One of the most popular electronic giant Samsung Electronics Co Ltd recently indicated that its latest flagship Galaxy S smartphone could be delayed as it assured to enhance product safety following an investigation into the cause of fires in its premium Note 7 devices. Wrapping up its months-long probe, the world's top smartphone maker said faulty batteries from two suppliers were to blame for a product failure that wiped $5.3 billion off its operating profit.

To shed some more light on this Samsung’s mobile chief Koh Dong-jin said that procedures had been put in place to avoid a repeat of the fires as the South Korean firm prepares to launch the Galaxy S8, its first premium handset since the Note 7's demise.

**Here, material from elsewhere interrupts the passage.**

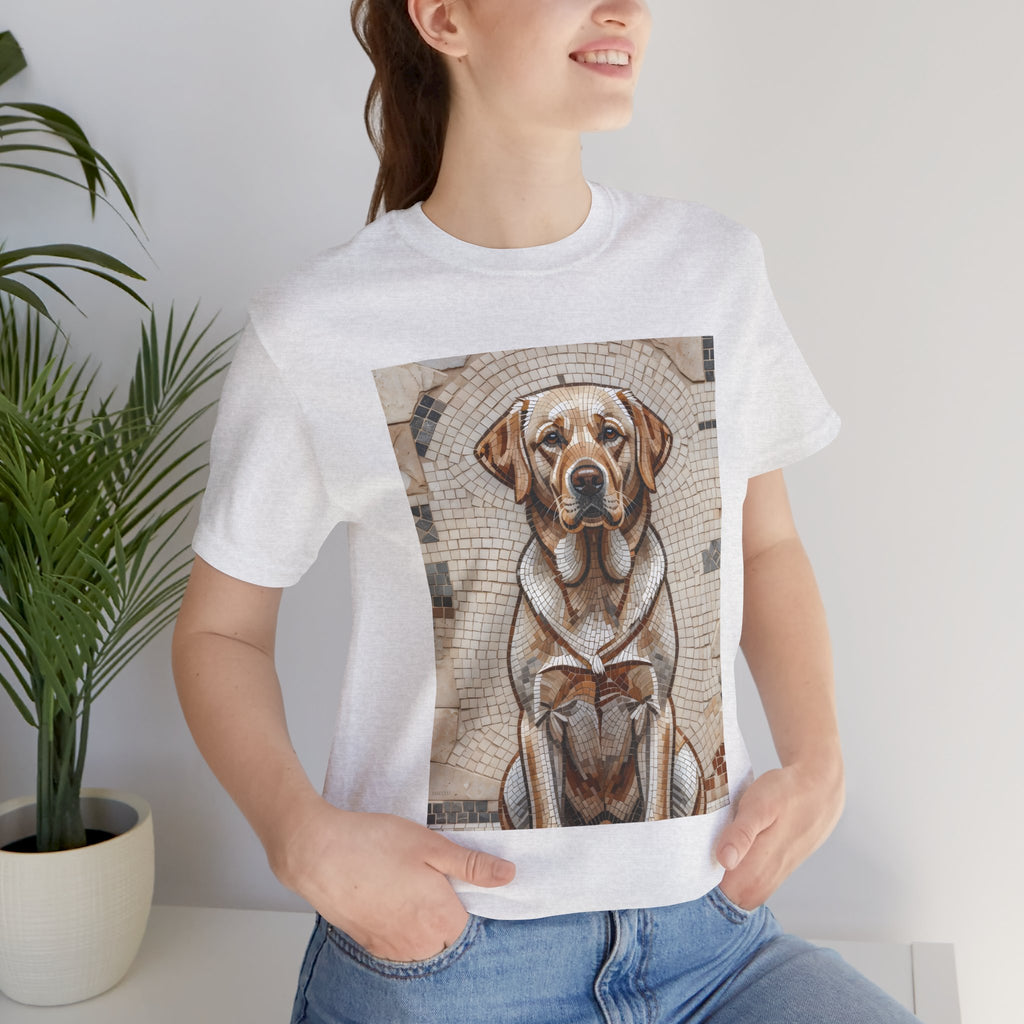 Labrador Retriever T Shirt | Living Work of Art Collection | Mosaic Style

"The lessons of this incident are deeply reflected in our culture and process," Koh told reporters at a press briefing. "Samsung Electronics will be working hard to regain consumer trust."

Koh added saying that “The Galaxy S8 would not be unveiled at the Mobile World Congress trade show in Barcelona beginning Feb. 27, the traditional forum for Galaxy S series launches”. While he did not comment on when the company planned to launch the handset, though analysts expect it to start selling by April.

Samsung’s reputation got hampered when it announced a recall of fire-prone Note 7s, only for reports to emerge that replacement devices also caught fire. Following which images of melted Samsung devices spread on social media and airlines banned travelers from carrying them on flights. The handset, Samsung's answer to Apple Inc's iPhones, was withdrawn from sale in October less than two months after its launch, in one of the biggest failures in tech history.

Samsung said that it has not decided whether to recycle parts in the improved Note 7s or resell any recalled phones. A person familiar with the matter told Reuters reselling some Note 7s as refurbished phones was an option. The firm said it has recovered 96 percent of the 3.06 million Note 7s sold to consumers.